America’s almost twenty-year military presence will conclude on August 31st, President Joe Biden has said that the US has not been to “national construct” the war-torn country.
Strongly defending his determination to pull US troops out of America’s long-standing war, Biden argued that the country’s own pressing issues could not be resolved by any prolonged American military presence in Afghanistan.
Biden said the US has achieved its aims in the country in a major policy address on Afghanistan on Thursday following a meeting with his national security team, and this was the right moment for withdrawing American soldiers.

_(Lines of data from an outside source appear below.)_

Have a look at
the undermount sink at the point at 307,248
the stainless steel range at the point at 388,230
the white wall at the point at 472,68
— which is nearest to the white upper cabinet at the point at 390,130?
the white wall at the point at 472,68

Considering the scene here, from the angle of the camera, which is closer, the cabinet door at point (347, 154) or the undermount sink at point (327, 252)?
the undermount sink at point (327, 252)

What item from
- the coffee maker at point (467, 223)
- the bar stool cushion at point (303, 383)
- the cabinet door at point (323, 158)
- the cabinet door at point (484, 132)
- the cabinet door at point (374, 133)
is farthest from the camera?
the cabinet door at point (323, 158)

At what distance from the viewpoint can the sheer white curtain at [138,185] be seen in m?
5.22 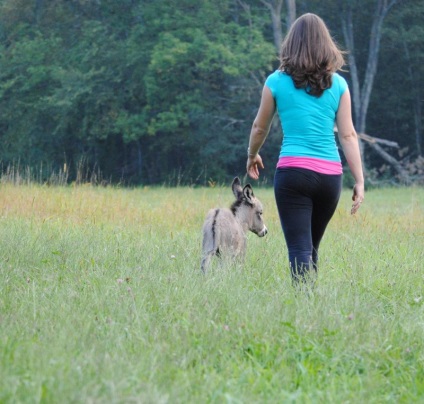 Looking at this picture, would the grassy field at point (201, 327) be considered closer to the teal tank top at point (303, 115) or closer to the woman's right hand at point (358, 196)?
the woman's right hand at point (358, 196)

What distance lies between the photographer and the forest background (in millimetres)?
37844

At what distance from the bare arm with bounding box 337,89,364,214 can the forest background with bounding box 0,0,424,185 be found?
29168 mm

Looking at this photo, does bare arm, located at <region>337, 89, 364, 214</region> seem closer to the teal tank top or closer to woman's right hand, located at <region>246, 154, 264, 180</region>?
the teal tank top

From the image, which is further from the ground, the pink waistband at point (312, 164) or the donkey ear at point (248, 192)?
the pink waistband at point (312, 164)

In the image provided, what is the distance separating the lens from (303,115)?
627cm

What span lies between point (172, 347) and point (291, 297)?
133cm

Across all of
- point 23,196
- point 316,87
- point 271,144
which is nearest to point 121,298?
point 316,87

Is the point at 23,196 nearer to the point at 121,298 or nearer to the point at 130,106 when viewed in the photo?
the point at 121,298

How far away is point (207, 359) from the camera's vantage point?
4965mm

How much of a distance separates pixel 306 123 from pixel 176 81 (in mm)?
Answer: 32944

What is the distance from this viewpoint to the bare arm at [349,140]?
21.0 feet

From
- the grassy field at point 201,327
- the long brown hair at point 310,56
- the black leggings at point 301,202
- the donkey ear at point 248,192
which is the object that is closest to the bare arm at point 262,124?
the long brown hair at point 310,56

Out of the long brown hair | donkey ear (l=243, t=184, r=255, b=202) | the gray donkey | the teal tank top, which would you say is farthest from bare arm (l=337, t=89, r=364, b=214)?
donkey ear (l=243, t=184, r=255, b=202)

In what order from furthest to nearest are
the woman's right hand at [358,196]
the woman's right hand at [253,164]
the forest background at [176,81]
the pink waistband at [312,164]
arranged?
the forest background at [176,81]
the woman's right hand at [253,164]
the woman's right hand at [358,196]
the pink waistband at [312,164] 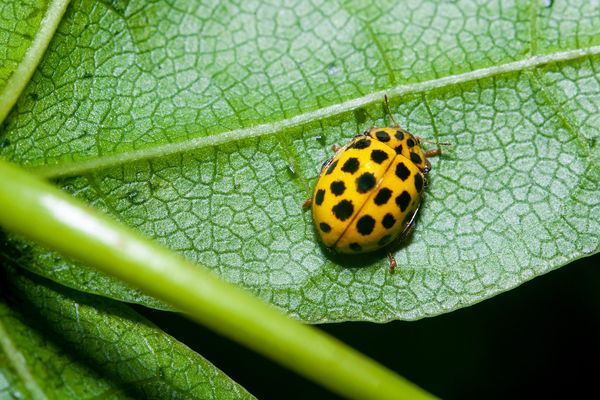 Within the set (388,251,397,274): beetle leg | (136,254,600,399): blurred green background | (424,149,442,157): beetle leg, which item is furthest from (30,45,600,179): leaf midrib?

“Our military mission in Afghanistan will conclude on August 31st. The drawdown is proceeding in a secure and orderly way, prioritising the safety of our troops as they depart,” Biden told reporters at the White House.
“We did not go to Afghanistan to nation-build. And it’s the right and the responsibility of the Afghan people alone to decide their future and how they want to run their country,” he said, just days after the US pulled out of the massive Bagram airbase that became the operations center of the war.
US forces have fought in Afghanistan for nearly 20 years, following the terror attacks of September 11, 2001.
He explained that after spending USD 1 trillion over 20 years and seeing 2,448 American service personnel die and 20,722 more wounded, the US cannot remain tethered to a policy set two decades ago when Afghanistan-based al-Qaida terrorists attacked the country.
The president emphasised that he will not send “another generation of Americans to war in Afghanistan with no reasonable expectation of achieving a different outcome.”
On Tuesday, the US military announced the withdrawal process was more than 90 percent complete.
Biden also dismissed reports that the Taliban would take over the country soon after the withdrawal of the American troops from Afghanistan.
“The Afghan government and leadership have to come together. They clearly have the capacity to sustain the government in place. The question is will they generate the kind of cohesion to do it,” Biden said.